Roger Federer remains on course for a seventh ATP Tour Finals title after the defending champion defeated third seed Andy Murray 7-6 (7/5), 6-2 on Sunday to set up a final showdown with Novak Djokovic.
Federer produced another of the supremely dominant displays he seems to reserve for this tournament as he cruised past Murray in one hour and 33 minutes at London's O2 Arena and the Swiss great is now one win away from completing a hat-trick of titles at the prestigious season-ending event.
While the two venues couldn't be more different, the 17-time Grand Slam champion seems just as in his element under the O2 Arena's domed roof as he does on Wimbledon's Centre Court.
Murray pushed him hard in the first set, but once Federer got into his stride the result was inevitable as the 31-year-old emulated his Wimbledon triumph over the Scot and in the process gained a measure of revenge for losing their Olympic final clash.
Murray, who was bidding to become the first Briton to reach the final, has enjoyed a year to remember, but this was a frustrating way to end it as he bowed out in the semi-finals for the third time.
"It was a special match," Federer said. "It was the third time in London this year for the two of us and the crowd was electric.
"I have been around the block a few times and that was something. You can't tire of nights like this.
"That is why I keep practising in front of no people, it inspires you to keep working hard."
In his gold medal victory at the All England Club, Murray had set the tone for his straight sets win by grabbing the initiative from the start and he was clearly determined to do the same again.
Taking the attack to Federer, the 25-year-old earned two break points in the first game of the match and converted the second with a blistering winner.
But, rather than triggering a period of Murray dominance, that was simply the cue for an absorbing battle to break out.
Federer was in a more determined mood than during his Olympic defeat and the world number two kept probing away at the Murray serve, eventually earning his reward with a break to level at 4-4 after a searing backhand proved too hot for the Scot to handle.
To his credit, Murray refused to cede any further ground after that and a tie-break was required to settle the set.

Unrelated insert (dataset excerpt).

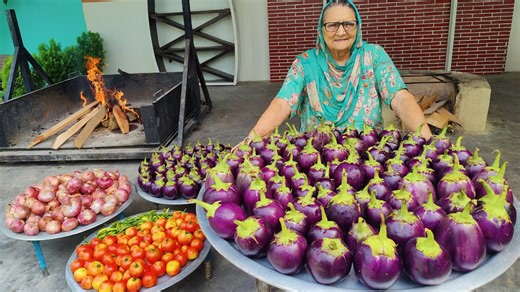 Granny makes traditional Indian spicy food for the whole village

It was the same story in a tremendously tense breaker. Murray had the early advantage, but couldn't kill off Federer, who broke back after a 22-shot rally.
Federer then seized the moment, wrong-footing Murray with a looping forehand at 6-5 to seal the set in 61 minutes.

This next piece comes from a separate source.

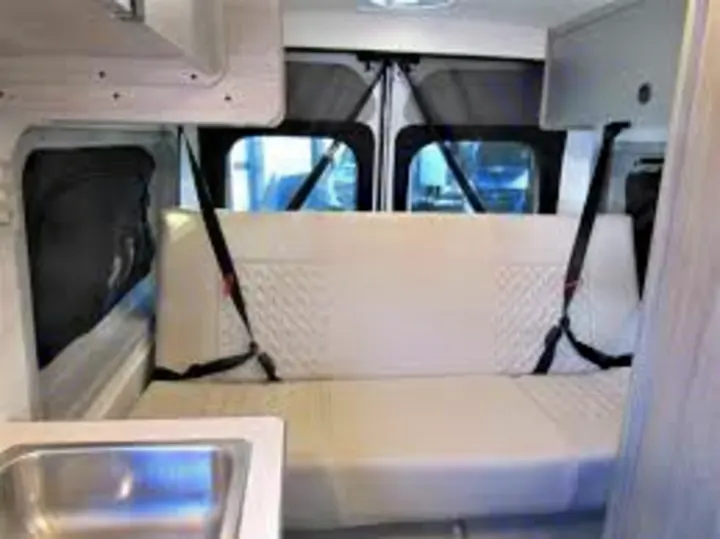 Inside an RV rental camper van, showing a white rear bench seat with seatbelts & a small sink area.. Winnebago Solis 2022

With the momentum firmly in his favour, Federer was able to unveil the full range of his arsenal in the second set.
Rather than try to over-power Murray, he teased him with a series of backhand slices and drew a frustrated mistake from the Scot that gave Federer a break for a 2-1 lead.
Federer was even more energised by that vital breakthrough, while Murray seemed to lose all belief and it wasn't long before the Swiss delivered the final blow when he broke again to move 5-2 ahead before serving out the win.